I am a Mormon and I reject all adjectives and sub-categorizations. I have no respect for attempts to conventionalize them. Regardless of what individual members of the Church of Jesus Christ of Latter-day Saints believe, how they approach scripture, history or politics, they are my people, my fellow-citizens and my kin.
One hundred and fifty years ago, two of the largest personalities in Church leadership were Brigham Young and Orson Pratt. They were each powerful and influential and had each taken Joseph Smith’s teachings in dramatically different directions. At one point Young was so frustrated with Pratt that the First Presidency and Twelve held council over him. Pratt offered to resign his membership in the Quorum. And yet, despite their erstwhile antagonism, when Young had a job that needed intellectual finesse, it was frequently Pratt that he called. A public announcement of polygamy, or a new edition of the Doctrine and Covenants, and Pratt was Young’s man.
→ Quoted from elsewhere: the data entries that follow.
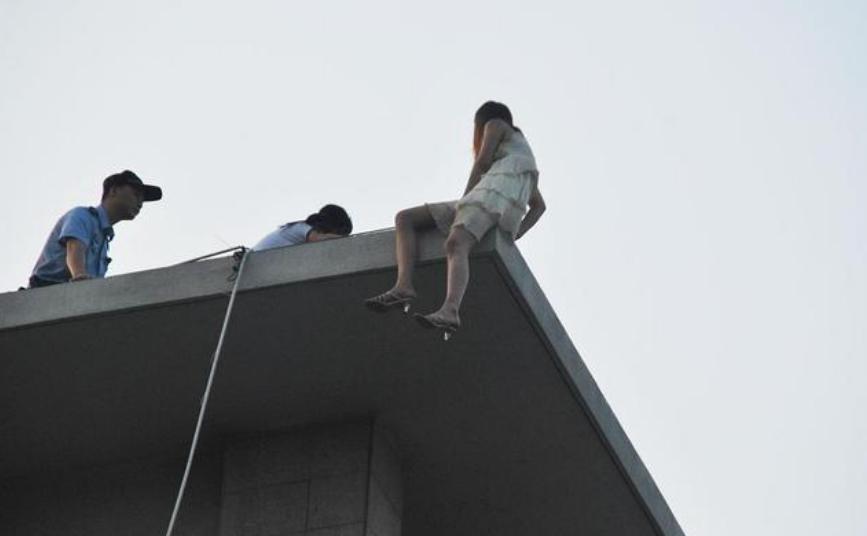 安保徒手接住跳楼女孩,保安接住跳楼女孩后续结果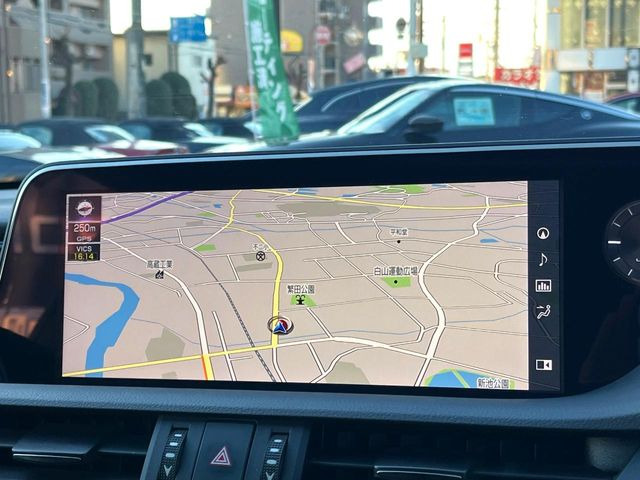 �y12.3�C���`���C�h�i�r�z�������ƃC���p�N�g�̂����^���C�h�i�r�𑕔��B�e��I�[�f�B�I����͂������A�������C�h��ʂł̃}�b�v2�����\���ȂǁA���֐��������i�r�ł���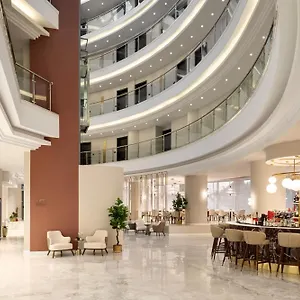 Hotel Ramada By Wyndham Bucharest Airport Otopeni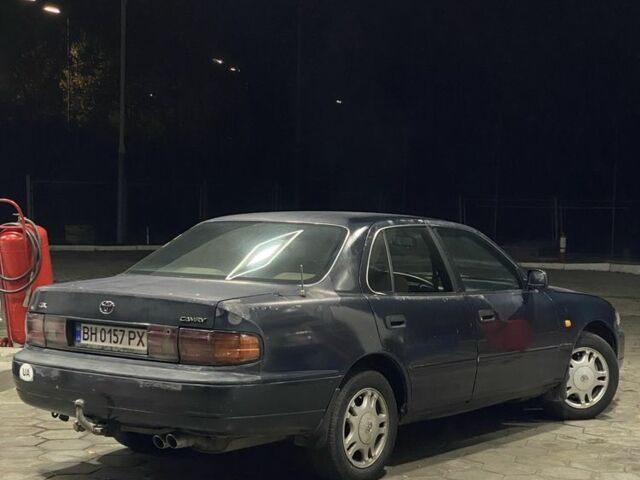 Синій Тойота Камрі, об'ємом двигуна 3 л та пробігом 372 тис. км за 2000 $, фото 2 на Automoto.ua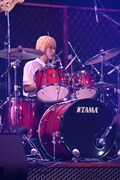 舞台「THEATER MILANO-Za オープニングシリーズ LIVE STAGE『ぼっち・ざ・ろっく!』」より、大竹美希演じる伊地知虹夏。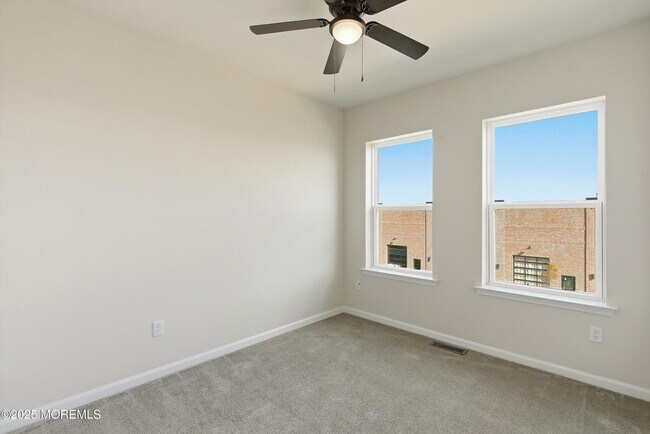 Building Photo - 12 Barton Ave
The differences between Young and Pratt were chasmal by today’s standards. They grappled over the fundamental nature of God—what Joseph Smith declared was essential and basic knowledge for salvation. Yet when Heber C. Kimball, Young’s faithful lieutenant, walked into the office on October 1, 1860 he declared:
[T]here were men that were trying to ride down Br O[rson]. Pratt; but it would not do,
heBr Pratt, was a man of unusual firmness. He said the President [Brigham Young] remarked the other day [that] if Bro Orson was chopped up in inch pieces each piece would cry out Mormonism was true.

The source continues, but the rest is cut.